··· RECORDED DATA ···

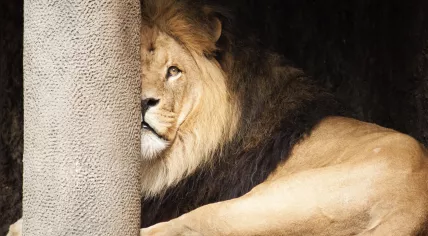 Lion at Artis zoo in Amsterdam, April 2014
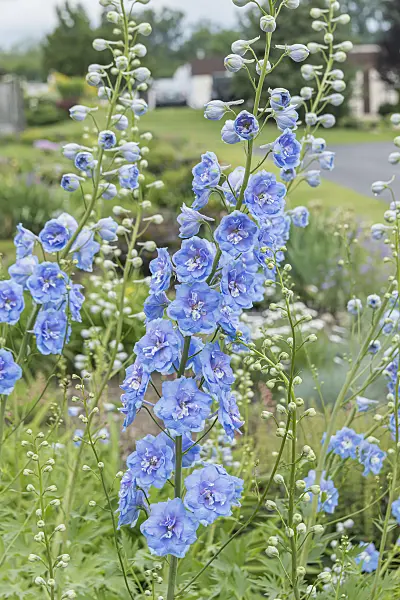 607040 - Larkspur (Delphinium elatum 'Million Dollar Sky')
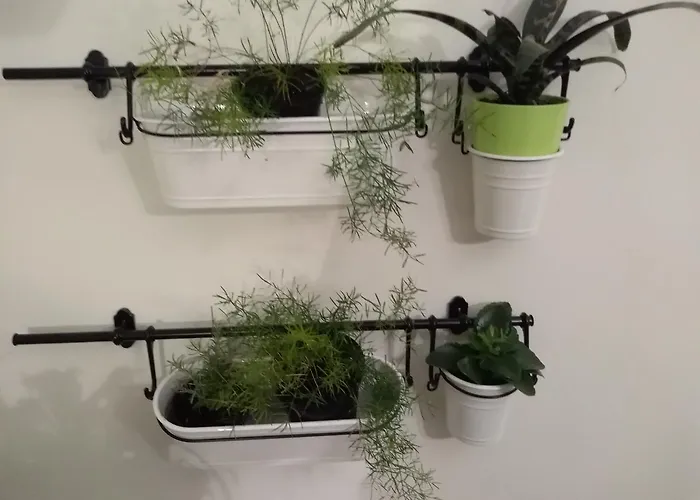 Seventh Continent Apartament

···

> [THE PROBLEM]:
Give an exact copy of the data, and omit any pictures it holds.

> [RESPONSE AREA]:
 Lion at Artis zoo in Amsterdam, April 2014
 607040 - Larkspur (Delphinium elatum 'Million Dollar Sky')
 Seventh Continent Apartament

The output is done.